Data block:

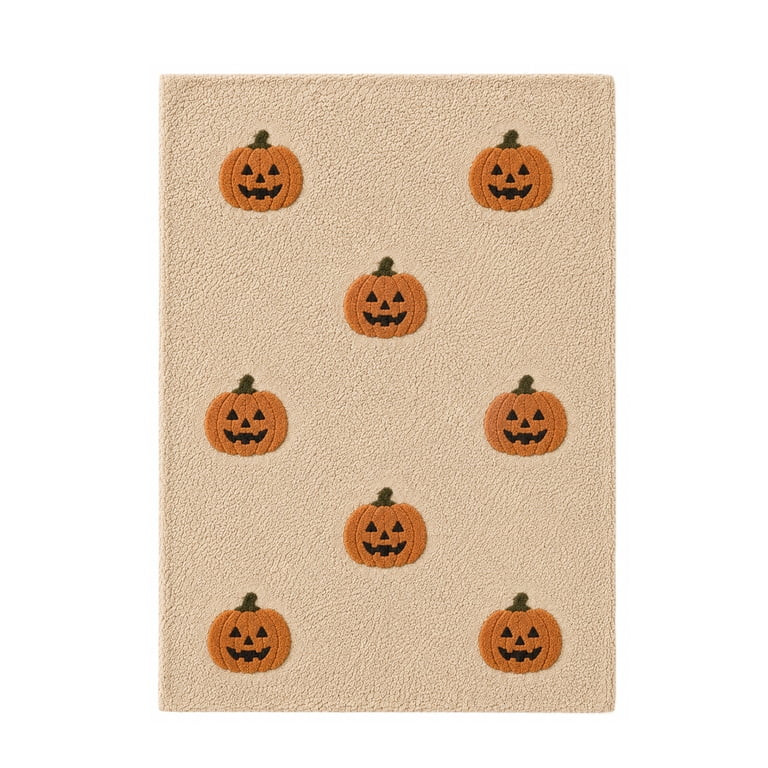 Halloween Ghost Flannel Throw Blanket, Neutral Embossed Skull Ghost Bat Pumpkin Potion Bottle Pat... | Walmart (US)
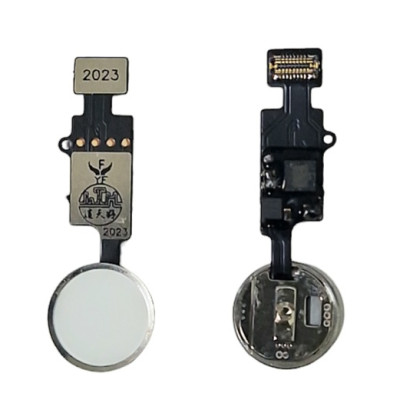 Шлейф для iPhone 7, iPhone 7 Plus, iPhone 8, iPhone 8 Plus, кнопки Home, білий, з пластиком, без сканера відбитків пальця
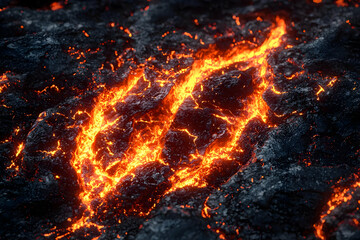 Molten Lava Flows Intensely on Dark Rock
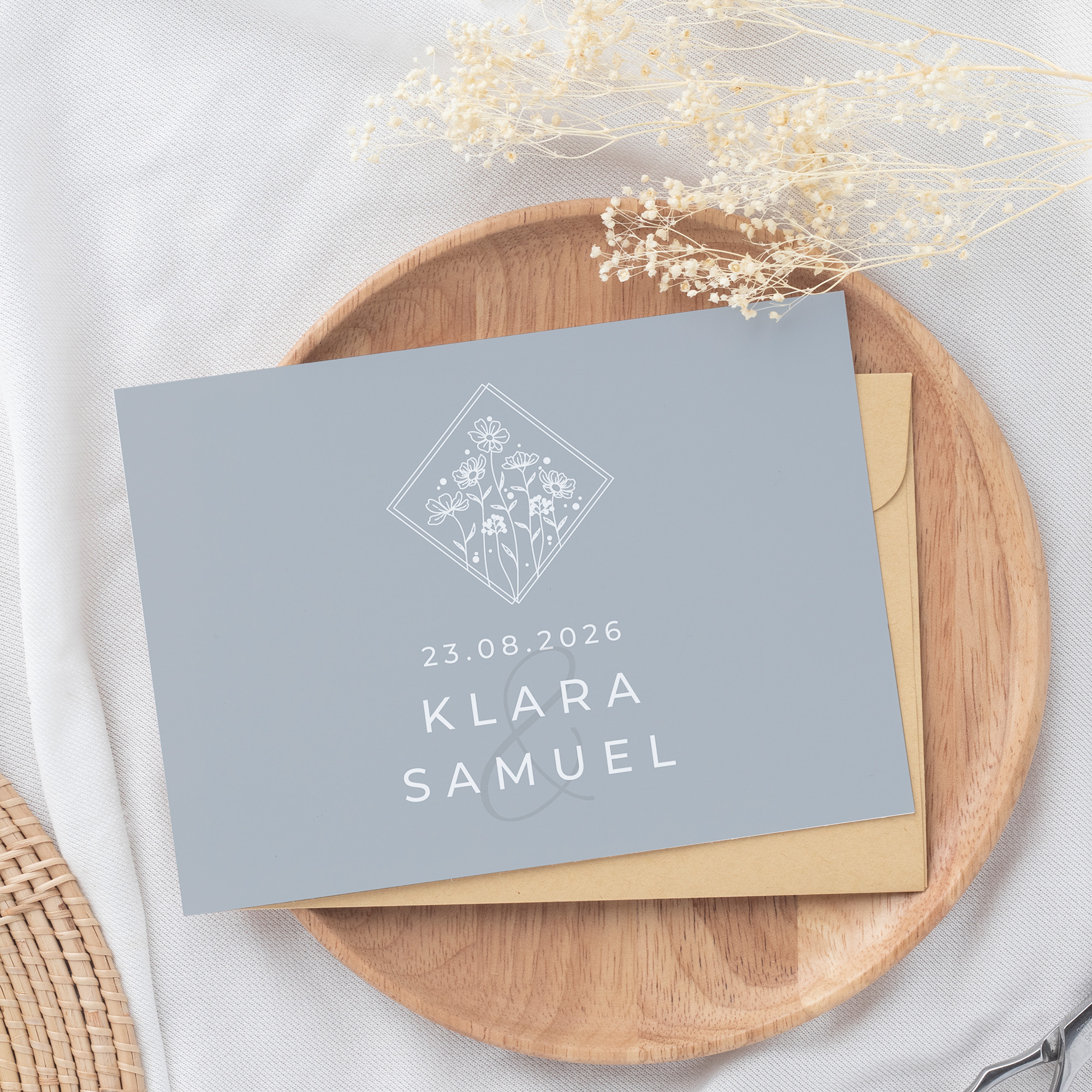 Postkarte DIN A6 im Querformat - Vintage "La Fleur Bleue"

What is expected:
Write out an exact copy of the lines beginning at the line that contains "Шлейф для iPhone" and ending at the last line of the listing. Exclude pictures.

Reply to the task:
 Шлейф для iPhone 7, iPhone 7 Plus, iPhone 8, iPhone 8 Plus, кнопки Home, білий, з пластиком, без сканера відбитків пальця
 Molten Lava Flows Intensely on Dark Rock
 Postkarte DIN A6 im Querformat - Vintage "La Fleur Bleue"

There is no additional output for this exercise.